1. Herodotus is easily accessible in Herodotus, The History. David Grene, trans. Chicago: University of Chicago Press.

2. Tall imposing headdresses, shaped with birchbark cones and covered with luxurious cloth or fur, could then be decorated with plaques or platelets of gold, silver, and other precious metals. Some included cones of precious metals. These and other heavy jewelry such as earrings, necklaces, and bracelets, representing wearable wealth for nomads, were targets of grave robbers. For a sense of headdress elaboration, see photographs of traditional Mongolian female dress, e.g. https://www.worldhistory.org/article/1455/clothing-in-the-mongol-empire/ (accessed June 23, 2021), or the Kazakh wedding headdress in Vladimir A. Basilov, ed., Nomads of Eurasia (Los Angeles Natural History Museum, [Soviet] Academy of Sciences, 1989), p. 112.

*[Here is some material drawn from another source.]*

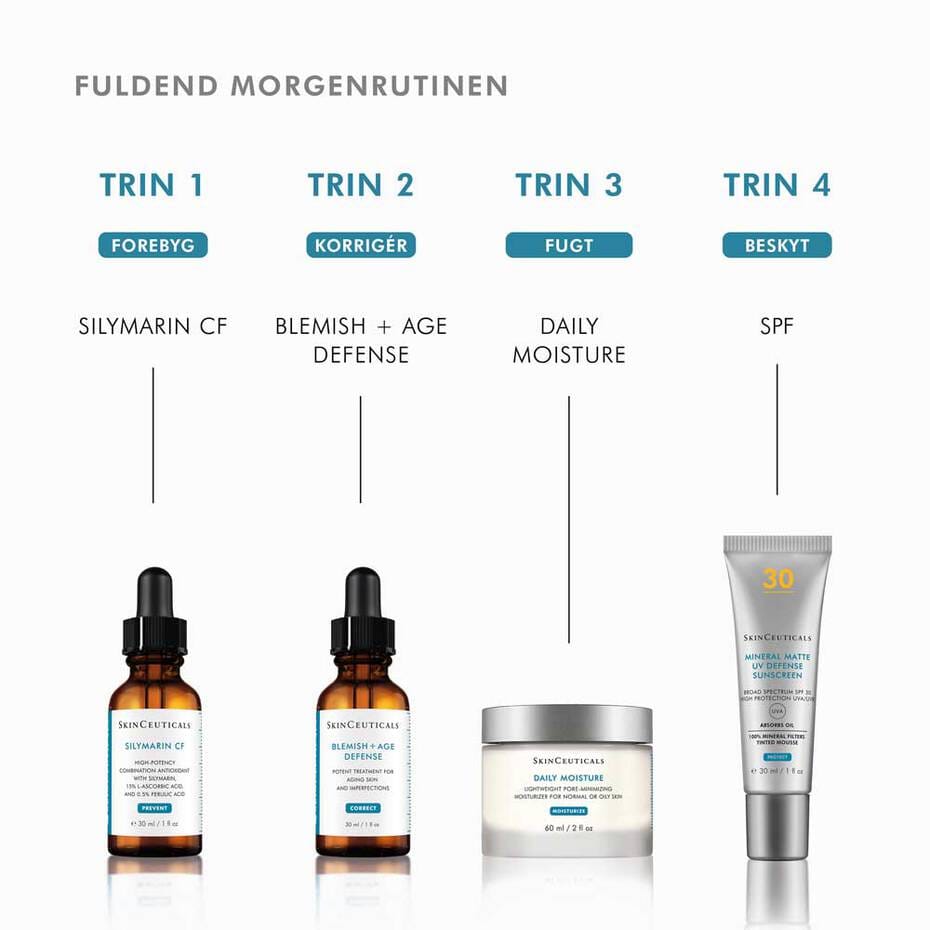 Silymarin CF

3. Compare Vladimir A. Basilov, ed., Nomads of Eurasia (Los Angeles Natural History Museum, [Soviet] Academy of Sciences, 1989), p. 41.

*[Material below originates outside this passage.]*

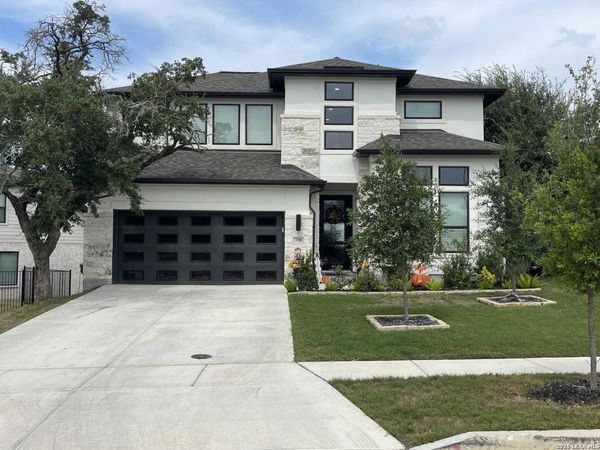 739 Alta Circle, New Braunfels, TX 78132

4. For perspective, see Marija Alseikaitė Gimbutas, and Joan Marler. The Civilization of the Goddess The World of Old Europe. Ann Arbor: University of Michigan, 1991. Larissa Pavlinskaya discusses a female Massagetae (Sakian) queen of mid-6th century BCE: “When the Persian king Cyrus II refused to bargain, the Massagetae queen attacked in fury with all her forces and destroyed the Persians almost totally.” Larisa R. Pavlinskaya “The Scythians and Sakians, Eighth to Third Centuries B.C.” In Vladimir A. Basilov, ed. Nomads of Eurasia. Los Angeles Natural History Museum, [Soviet] Academy of Sciences, 1989, p. 22.

5. Relevant articles include: Olga A. Khomiakova “Zhenskie pogrebeniia iugo-vostochnoi pribaltiki 1-VIII vv.” Rossiiskaia arkheologiia, 2020, no. 1, pp. 90–106; Al’fiia Enikeeva “Zagadka amazonok. Drevnie voiny-muzhchiny na samom dele okazalis’ zhenshinami” RIA-Nauki https://ria.ru/20200712/1574191615.html July 12, 2020 (accessed 11/19/2020); Zvezdana Dode “Predmety zhenskogo kostiuma iz zolotoordynskogo zakhoroneniia mogil’nika Tingutinskii 1” Tyragetia, vol. 12 [XXVII] (1), 2018, pp. 331–46.

6. The precious 2,500-year-old Scythian period Pazyryk female mummy of the sacred Ukok plateau is currently in a climate-controlled museum in Gorno-Altaisk, after extensive travels, while many of her grave goods remain in Novosibirsk. For further perspective, see Marjorie Mandelstam Balzer “Editor’s Introduction: Archeology and Nationalism” Anthropology and Archeology of Eurasia, 2013, vol. 52 (2), pp. 3–4, and the excellent article by Gertjan Plets et al. in that theme issue: Plets, G., N. Konstantinov, V. Soenov, and E. Robinsson, “Repatriation, Doxa, and Contested Heritages: The Return of the Altai Princess in an International Perspective,” Anthropology & Archeology of Eurasia, 2013, 52(2), pp. 73–98.